====== DATA TO EXAMINE ======

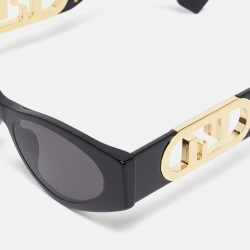 Pre Owned Fendi Black O’Lock FE400491 Cat Eye Sunglasses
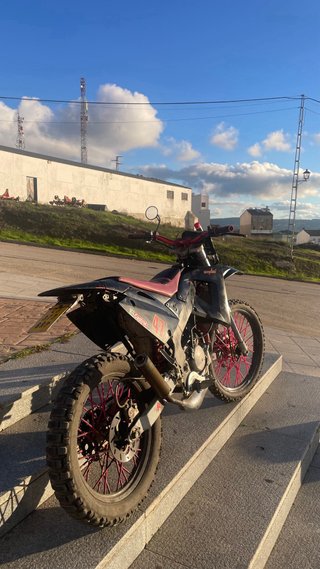 Rieju MRX 50 Enduro en buen estado.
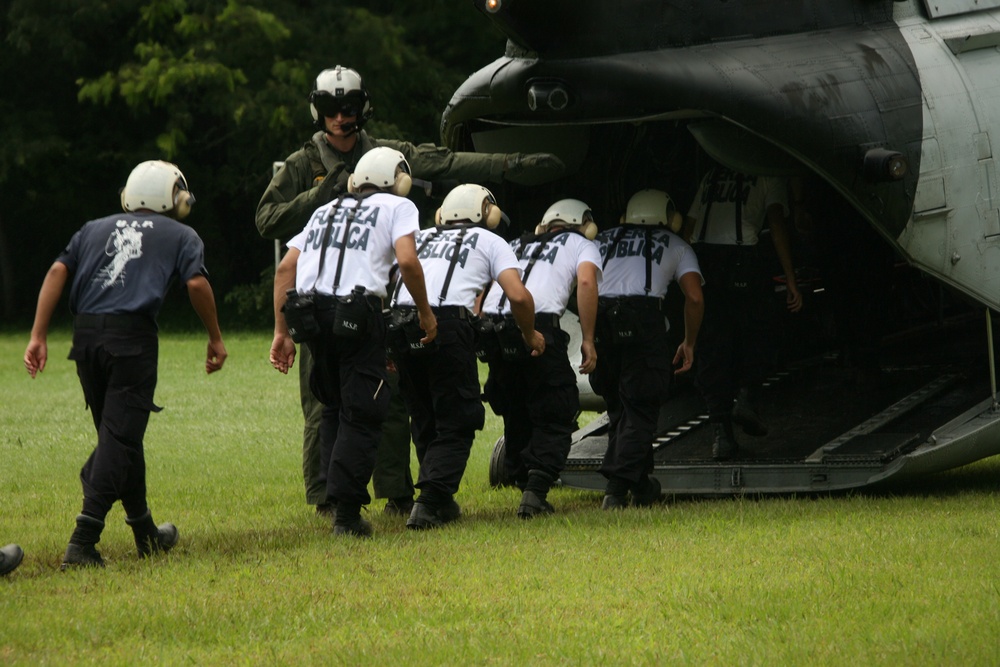 Marines Train in Costa Rica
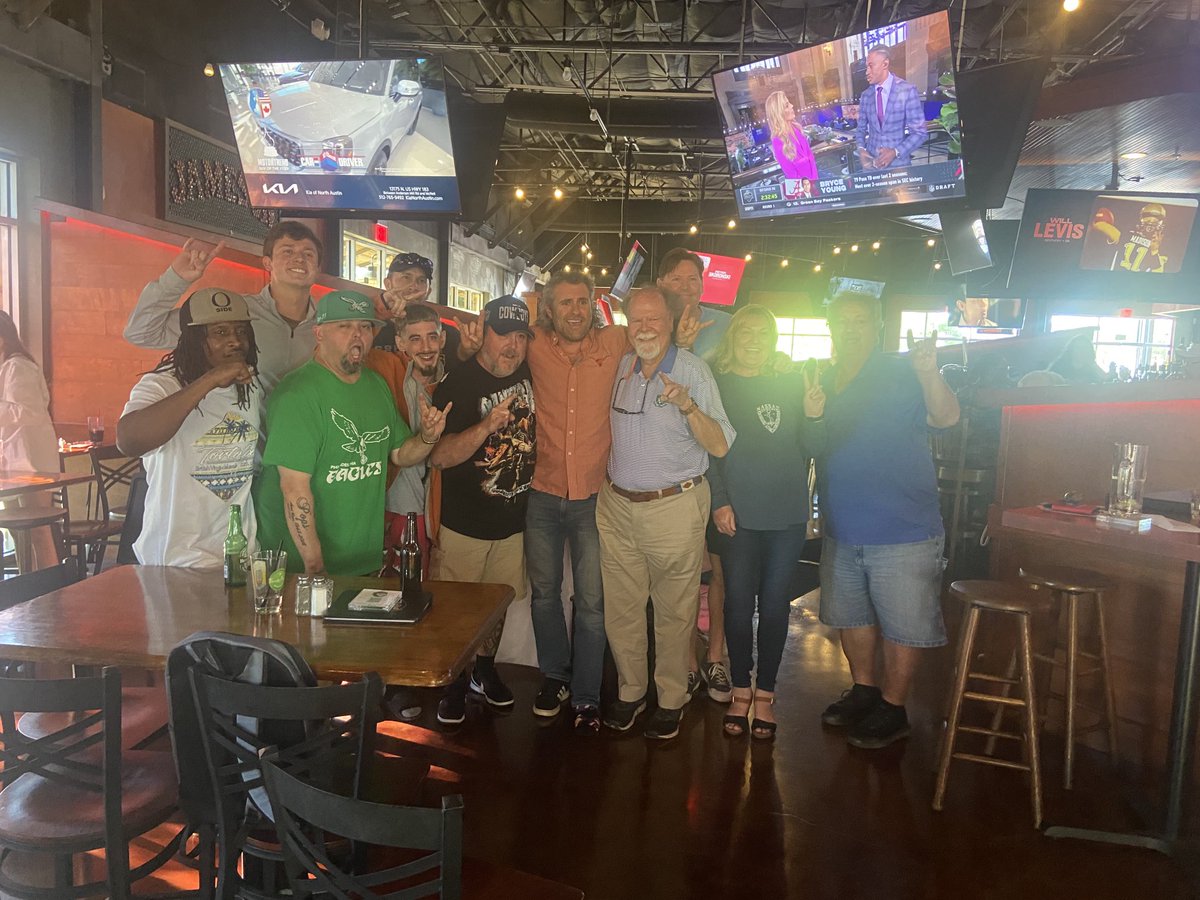 fun_4_fans's tweet photo. Hanging out with ESPN 102.7 at 3rd Base Sports Bar in Round Roxk Texas on Draft Night #espn #funforfans #NFLdraft https://t.co/OuxBlSIznd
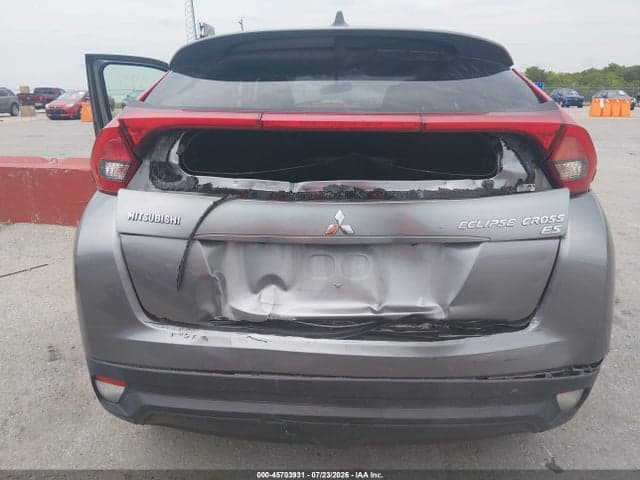 2019 MITSUBISHI ECLIPSE CROSS ES 6
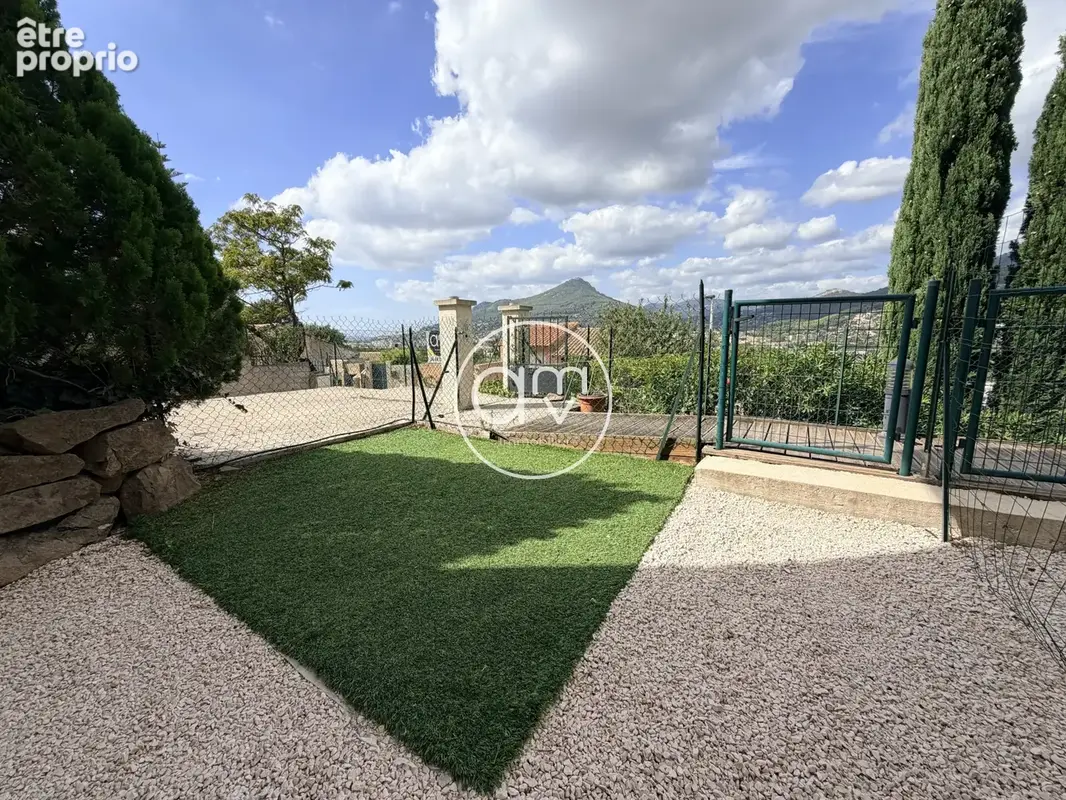 Appartement à LA VALETTE-DU-VAR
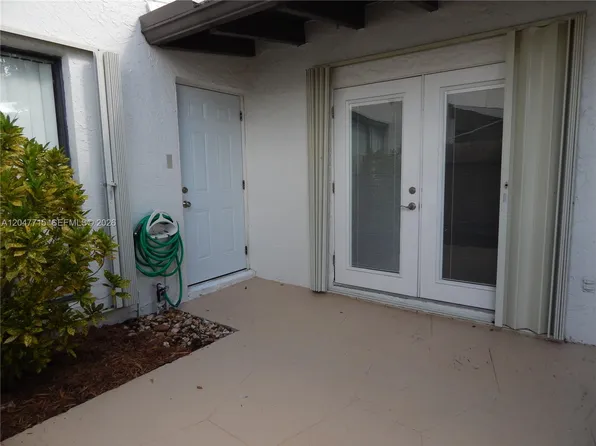 6959 SW 110th Ct, Miami, FL 33173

======

# REQUIREMENT:
Leave every picture out and copy precisely the lines from the one containing "Rieju MRX 50 Enduro en buen estado." through the last line of the data above, both ends included.

# RESPONSE TO THIS TASK:
 Rieju MRX 50 Enduro en buen estado.
 Marines Train in Costa Rica
 fun_4_fans's tweet photo. Hanging out with ESPN 102.7 at 3rd Base Sports Bar in Round Roxk Texas on Draft Night #espn #funforfans #NFLdraft https://t.co/OuxBlSIznd
 2019 MITSUBISHI ECLIPSE CROSS ES 6
 Appartement à LA VALETTE-DU-VAR
 6959 SW 110th Ct, Miami, FL 33173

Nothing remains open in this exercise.